Working data>
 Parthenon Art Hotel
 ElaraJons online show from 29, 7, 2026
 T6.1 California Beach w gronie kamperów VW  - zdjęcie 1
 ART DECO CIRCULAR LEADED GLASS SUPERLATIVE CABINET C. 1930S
---
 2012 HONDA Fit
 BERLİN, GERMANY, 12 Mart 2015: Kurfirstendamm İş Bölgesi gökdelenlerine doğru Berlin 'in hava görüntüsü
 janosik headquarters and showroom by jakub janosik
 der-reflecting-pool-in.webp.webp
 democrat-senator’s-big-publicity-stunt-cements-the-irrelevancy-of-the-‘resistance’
---
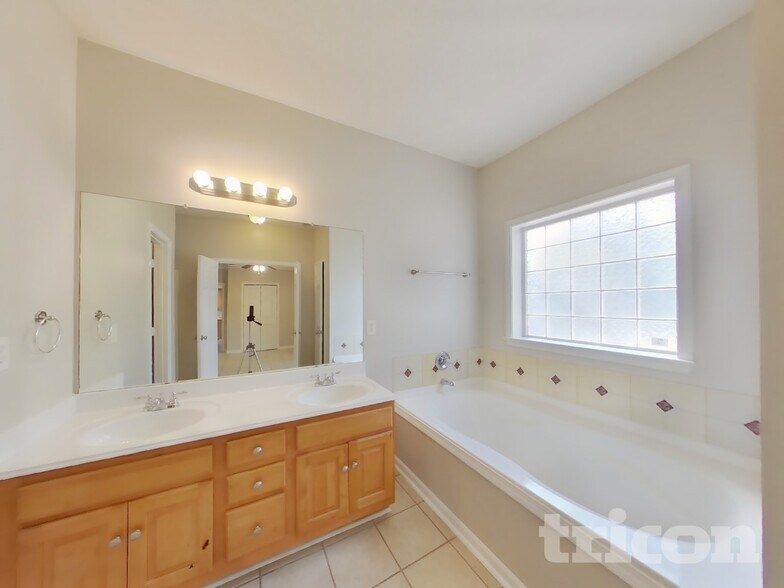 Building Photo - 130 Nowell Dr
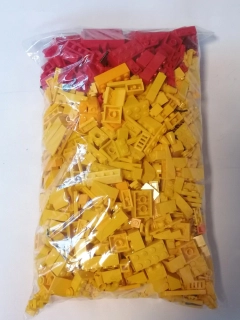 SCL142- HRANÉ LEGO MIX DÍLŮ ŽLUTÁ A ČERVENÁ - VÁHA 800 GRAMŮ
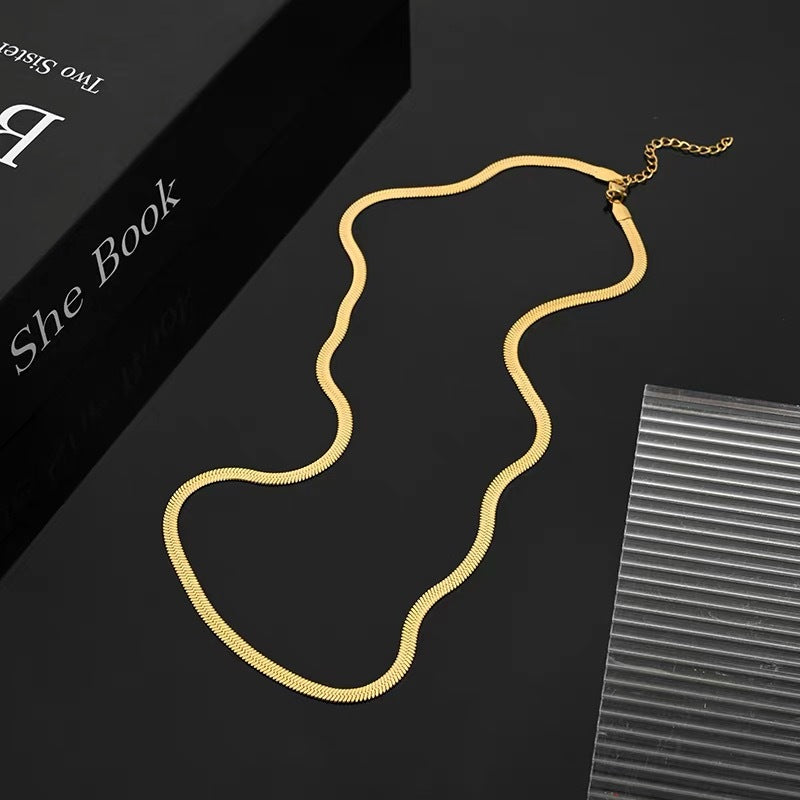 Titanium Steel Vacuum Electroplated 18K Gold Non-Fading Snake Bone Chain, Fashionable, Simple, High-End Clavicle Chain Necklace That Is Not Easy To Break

About this exercise> Referring to the material above, set down exactly the lines between the line with "Parthenon Art Hotel" and the line with "ART DECO CIRCULAR", inclusive, and no other lines.

Final answer>
 Parthenon Art Hotel
 ElaraJons online show from 29, 7, 2026
 T6.1 California Beach w gronie kamperów VW  - zdjęcie 1
 ART DECO CIRCULAR LEADED GLASS SUPERLATIVE CABINET C. 1930S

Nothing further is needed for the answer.